→ **WORK REQUEST**:
Everything in the records should be repeated exactly.

→ **RAW DATA**:
[Start of section]

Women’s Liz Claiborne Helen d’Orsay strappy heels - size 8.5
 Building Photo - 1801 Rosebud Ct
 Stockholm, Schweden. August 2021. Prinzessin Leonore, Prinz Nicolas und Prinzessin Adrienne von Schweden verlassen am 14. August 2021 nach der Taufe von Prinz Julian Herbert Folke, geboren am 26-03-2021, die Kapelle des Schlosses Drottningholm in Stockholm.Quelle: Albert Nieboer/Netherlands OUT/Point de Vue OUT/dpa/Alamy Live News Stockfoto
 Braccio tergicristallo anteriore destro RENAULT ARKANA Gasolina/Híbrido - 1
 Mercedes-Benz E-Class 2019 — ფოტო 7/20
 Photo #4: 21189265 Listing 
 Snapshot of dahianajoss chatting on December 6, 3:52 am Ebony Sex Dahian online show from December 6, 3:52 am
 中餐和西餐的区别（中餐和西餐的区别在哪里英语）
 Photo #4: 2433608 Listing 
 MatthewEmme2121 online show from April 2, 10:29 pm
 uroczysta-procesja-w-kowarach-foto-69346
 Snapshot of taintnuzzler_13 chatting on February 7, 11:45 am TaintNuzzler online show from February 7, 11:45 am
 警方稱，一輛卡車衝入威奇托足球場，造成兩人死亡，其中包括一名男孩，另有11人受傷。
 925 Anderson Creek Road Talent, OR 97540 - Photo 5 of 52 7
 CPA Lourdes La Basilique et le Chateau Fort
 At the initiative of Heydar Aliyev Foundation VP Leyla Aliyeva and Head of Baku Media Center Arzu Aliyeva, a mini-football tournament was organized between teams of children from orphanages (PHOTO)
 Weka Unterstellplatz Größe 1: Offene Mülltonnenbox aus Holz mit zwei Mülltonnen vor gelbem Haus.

[End of section]

→ **OUTPUT OF THE EXERCISE**:
Women’s Liz Claiborne Helen d’Orsay strappy heels - size 8.5
 Building Photo - 1801 Rosebud Ct
 Stockholm, Schweden. August 2021. Prinzessin Leonore, Prinz Nicolas und Prinzessin Adrienne von Schweden verlassen am 14. August 2021 nach der Taufe von Prinz Julian Herbert Folke, geboren am 26-03-2021, die Kapelle des Schlosses Drottningholm in Stockholm.Quelle: Albert Nieboer/Netherlands OUT/Point de Vue OUT/dpa/Alamy Live News Stockfoto
 Braccio tergicristallo anteriore destro RENAULT ARKANA Gasolina/Híbrido - 1
 Mercedes-Benz E-Class 2019 — ფოტო 7/20
 Photo #4: 21189265 Listing 
 Snapshot of dahianajoss chatting on December 6, 3:52 am Ebony Sex Dahian online show from December 6, 3:52 am
 中餐和西餐的区别（中餐和西餐的区别在哪里英语）
 Photo #4: 2433608 Listing 
 MatthewEmme2121 online show from April 2, 10:29 pm
 uroczysta-procesja-w-kowarach-foto-69346
 Snapshot of taintnuzzler_13 chatting on February 7, 11:45 am TaintNuzzler online show from February 7, 11:45 am
 警方稱，一輛卡車衝入威奇托足球場，造成兩人死亡，其中包括一名男孩，另有11人受傷。
 925 Anderson Creek Road Talent, OR 97540 - Photo 5 of 52 7
 CPA Lourdes La Basilique et le Chateau Fort
 At the initiative of Heydar Aliyev Foundation VP Leyla Aliyeva and Head of Baku Media Center Arzu Aliyeva, a mini-football tournament was organized between teams of children from orphanages (PHOTO)
 Weka Unterstellplatz Größe 1: Offene Mülltonnenbox aus Holz mit zwei Mülltonnen vor gelbem Haus.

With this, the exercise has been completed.